The pressure sensor system 204 of the assessment tool 102 can do some processing of the pressure values, such as averaging, determining a minimum and maximum value, and computing standard deviations. The memory system 208 can store the pressure data from the sensors and the pressure sensor system 204 can measure, pack, and transmit the sensor data to the processor 107 at the surface of the wellbore (see FIG. 1). The surface processor 107 can have more computational power than the pressure sensor system 204 and can run prediction models by comparing large quantitative datasets and using designed algorithms. The surface processor 107 can further transmit data to a remote secure server or end user dashboard. The surface processor 107 can also facilitate threshold monitoring and can trigger alarms. The electric generator 212 can power the battery system 206 and power the sensor system 204, the pressure sensors 200 and 202, and the wireless communications system of the sensor system 204.
The assessment assembly 102 has a turbine housing 222 that includes a guide vane for the turbine 216. The assessment assembly also includes a sensor hub 218 opposite the turbine housing 222. As further described in detail below with respect to FIG. 4, the sensor hub 218 is attached to an engagement assembly that receives and engages with a retrieving tool to retrieve the assessment assembly 102. The first housing 230 and the second housing 232 are attached to and disposed between the sensor hub 218 and the turbine housing 222. The first housing 230 and the second housing 232 together form a tubular body 231 that is attached to the turbine housing 222 and to the sensor hub 218. The turbine housing 222 is movable along the longitudinal axis of the isolation tubing 103 and the sensor hub 218 is fixed to the inner wall of the isolation tubing. The sensor hub 218 can be releasably attached to the inner wall of the isolation tubing 103 (for example, with shear pins) to allow the assessment assembly 102 to be retrieved. The sensor hub can include sealing rings 220 (for example, O-rings) to isolate the pressure sensing ports of the second pressure sensor 202 from the inside of the isolation tubing 103.
FIG. 3 shows a block diagram of a zonal isolation assessment system. The system includes the first sensor 200 and second sensor 202 in communication with the pressure sensor system 204. The first sensor 200 and the second sensor 202 transmit the sensed pressure data to the pressure sensor system 204, which can include a processor that processes the pressure data. The pressure sensor system 204 transmits the pressure information to the surface receiver 106 which can include a user interface that indicates the isolation integrity of the isolated zone. The pressure sensor system 204 can continuously or generally continuously transmit real-time data to the receiver 106. The real-time data can represent a first set of pressure values sensed by the first pressure sensor 200 over time before and during production and a second set of pressure values sensed by the second pressure sensor 202 over time before and during production.

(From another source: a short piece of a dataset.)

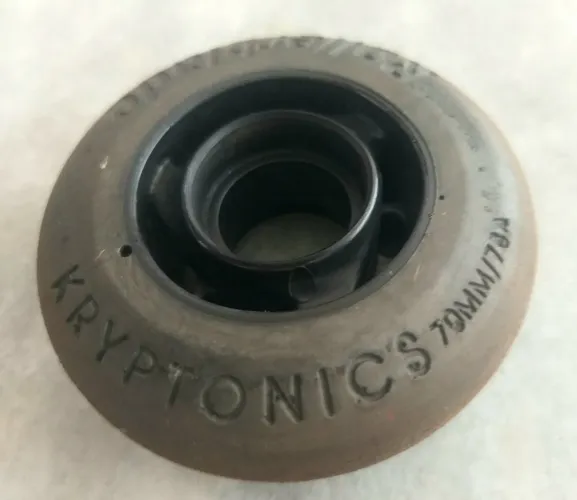 8 Rodas Kryptonics para Patins 70mm 78A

The first and second set of pressure values are usable to determine the zonal isolation integrity. For example, the pressure sensor system 204 or the processor 107 at the surface determines a difference between the first pressure value and the second pressure value and determines, based on comparing that difference to a user defined threshold, the zonal isolation integrity of the zonal isolation assembly. Specifically, the first set of pressure values are compared to the second set of pressure values to determine a rate of change between the first set of pressure values and the second set of pressure values.
For a zone to have good zonal isolation integrity (for a good seal), during drawdown of the wellbore, the second set of pressure values (the pressure at the annulus 101) should remain constant, and not be affected by the drawdown pressure of the wellbore (the change in pressure of the first set of pressure values). Over time, the second set of pressure values in the isolated zone can decrease slightly as water in the reservoir shifts inside the reservoir, causing small pressure changes. The time period from when the annulus pressure (the second set of pressure values) start to change, to when the values become stabile may imply which type of leakage is happening. For example, if the annulus pressure rapidly equalizes to the tubular pressure (the pressure inside the tubing 103) after drawdown, there is a high continuous leakage rate between the isolated annulus 101 and the tubing 103 (and by extension, the production zone). If the annulus pressure stabilizes at 50% of drawdown pressure change, and this occurs after several hours or even days, there may be production of water from the outside of the isolated zone. In such cases, the length of the isolated zone needs to be increased.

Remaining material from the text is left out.